The solution to our rapidly evolving polycrisis, Adam argues, “isn’t to do less. It’s to do better. Degrowth stumbles right out of the gate because it fundamentally misunderstands what growth actually means. Growth is not about using more stuff. It is about creating more value. There are limits to physical stuff, but no meaningful limits to how much value we can create with the finite resources available to us here on Earth. This in turn means that degrowth fundamentally misunderstands technology.”
What does this mean? I’ve heard this argument many times. But “creating more value” always means more energy and more materials. If you can create more value without needing more energy and materials … show me how. It hasn’t been done yet on a global scale, but I have an open mind.

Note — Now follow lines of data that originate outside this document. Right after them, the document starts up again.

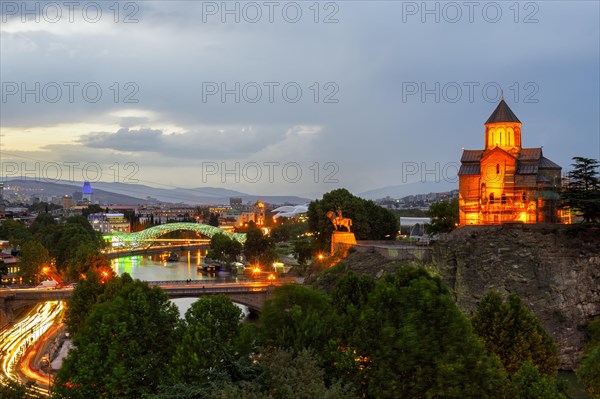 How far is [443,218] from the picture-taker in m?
45.1

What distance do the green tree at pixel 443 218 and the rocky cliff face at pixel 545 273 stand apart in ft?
35.2

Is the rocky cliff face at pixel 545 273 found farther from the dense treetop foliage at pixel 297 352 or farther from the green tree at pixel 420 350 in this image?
the green tree at pixel 420 350

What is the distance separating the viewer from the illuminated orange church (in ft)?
121

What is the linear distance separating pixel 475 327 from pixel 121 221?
122494 millimetres

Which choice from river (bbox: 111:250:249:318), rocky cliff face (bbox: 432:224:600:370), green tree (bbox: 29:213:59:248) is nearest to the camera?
rocky cliff face (bbox: 432:224:600:370)

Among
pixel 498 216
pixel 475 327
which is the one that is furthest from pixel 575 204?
pixel 475 327

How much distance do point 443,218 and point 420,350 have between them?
30295 mm

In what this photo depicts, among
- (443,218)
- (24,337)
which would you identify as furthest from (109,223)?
(24,337)

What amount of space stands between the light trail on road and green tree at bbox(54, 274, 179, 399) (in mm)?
6943

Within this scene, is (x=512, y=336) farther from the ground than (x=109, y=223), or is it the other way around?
(x=109, y=223)

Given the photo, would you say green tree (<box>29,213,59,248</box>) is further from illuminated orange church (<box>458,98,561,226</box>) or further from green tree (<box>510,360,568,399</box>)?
green tree (<box>510,360,568,399</box>)

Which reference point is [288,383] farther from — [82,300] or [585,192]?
[585,192]

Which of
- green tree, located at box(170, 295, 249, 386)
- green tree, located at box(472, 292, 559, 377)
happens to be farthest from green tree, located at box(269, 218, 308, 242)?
green tree, located at box(170, 295, 249, 386)

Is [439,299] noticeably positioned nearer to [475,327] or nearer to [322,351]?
[322,351] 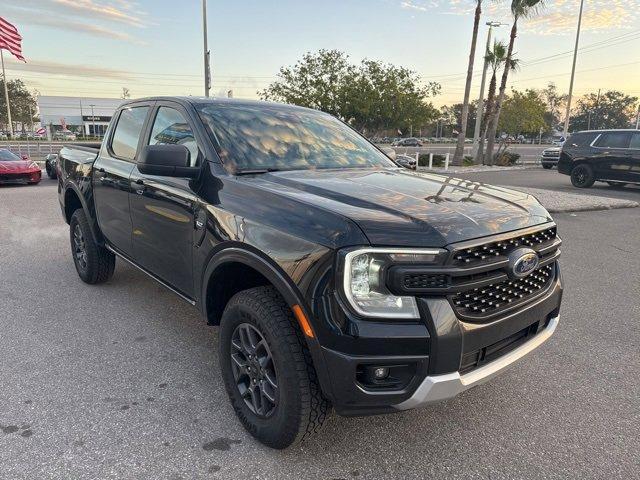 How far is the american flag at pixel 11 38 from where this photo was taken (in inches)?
962

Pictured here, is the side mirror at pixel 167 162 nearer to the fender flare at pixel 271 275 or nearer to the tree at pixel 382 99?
the fender flare at pixel 271 275

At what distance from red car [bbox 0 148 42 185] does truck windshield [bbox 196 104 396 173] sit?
13590mm

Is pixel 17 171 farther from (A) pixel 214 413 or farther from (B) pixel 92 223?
(A) pixel 214 413

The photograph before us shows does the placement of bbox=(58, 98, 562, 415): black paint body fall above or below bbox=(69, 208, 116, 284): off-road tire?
above

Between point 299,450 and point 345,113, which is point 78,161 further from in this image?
point 345,113

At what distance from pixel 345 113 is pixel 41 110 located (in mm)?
76030

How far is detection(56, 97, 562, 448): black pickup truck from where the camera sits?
2047mm

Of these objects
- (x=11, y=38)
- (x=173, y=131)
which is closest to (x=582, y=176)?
(x=173, y=131)

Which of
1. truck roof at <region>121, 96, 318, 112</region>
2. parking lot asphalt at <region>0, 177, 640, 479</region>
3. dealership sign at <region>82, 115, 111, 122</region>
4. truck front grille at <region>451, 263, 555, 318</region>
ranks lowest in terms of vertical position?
parking lot asphalt at <region>0, 177, 640, 479</region>

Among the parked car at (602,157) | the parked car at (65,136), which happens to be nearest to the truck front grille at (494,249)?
the parked car at (602,157)

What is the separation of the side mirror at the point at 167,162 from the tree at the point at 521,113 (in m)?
33.9

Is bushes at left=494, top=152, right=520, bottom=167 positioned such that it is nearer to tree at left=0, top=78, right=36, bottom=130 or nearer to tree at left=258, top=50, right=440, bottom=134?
tree at left=258, top=50, right=440, bottom=134

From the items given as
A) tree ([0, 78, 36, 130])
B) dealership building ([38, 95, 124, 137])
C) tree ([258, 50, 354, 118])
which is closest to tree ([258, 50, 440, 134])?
tree ([258, 50, 354, 118])

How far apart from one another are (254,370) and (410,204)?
118cm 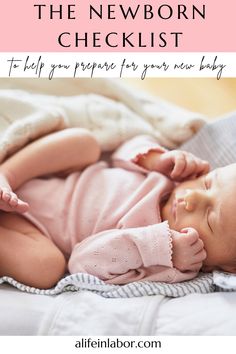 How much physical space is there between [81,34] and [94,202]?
45 centimetres

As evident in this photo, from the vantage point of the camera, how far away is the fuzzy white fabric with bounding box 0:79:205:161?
4.31ft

Superabundant clean energy and labor will allow us to solve virtually all of today’s environmental problems. Deforestation, desertification, habitat fragmentation and loss, overfishing, coral bleaching, eutrophication and hypoxic dead zones, ocean acidification, plastic pollution, biodiversity loss, endangered species, invasive species, air pollution, water pollution, soil erosion, soil contamination, and waste management—they will all become solvable over the next several decades.
...Even better still, the good news goes beyond just environmental challenges. These very same technologies will also help us achieve our social goals as well, because they are all massively democratizing and will smash existing geographic and socioeconomic barriers to human development. With clean superabundance, we can have prosperity for everyone, everywhere, without ecological harm. Humanity can thrive, and we can heal our planet at the same time.
How? There are no details here. Without details, this is just economist fan fiction. No thank you.
Our politics is tied up in growth. Yes, we want them to adopt a much wider vision of progress. But we have breached planetary boundaries, and that isn’t a detail that can be ignored. Our life support system is breaking down. Promising “more” isn’t the answer. Realizing that we have more than enough, is.





When are you going to stop avoiding the facts and admit that we don’t have a crisis that will require the debasement of our prosperity with your concept.
If the concept was called sustainability to improve our efficiency and effectiveness of planned support for prosperity that may work, but saying the next generation and the emerging world cannot have what we have is not only unethical it just wont happen.
Excellent job debunking this--and I think you're right in your initial point, that the book in question being written is an indication that degrowth is becoming mainstream.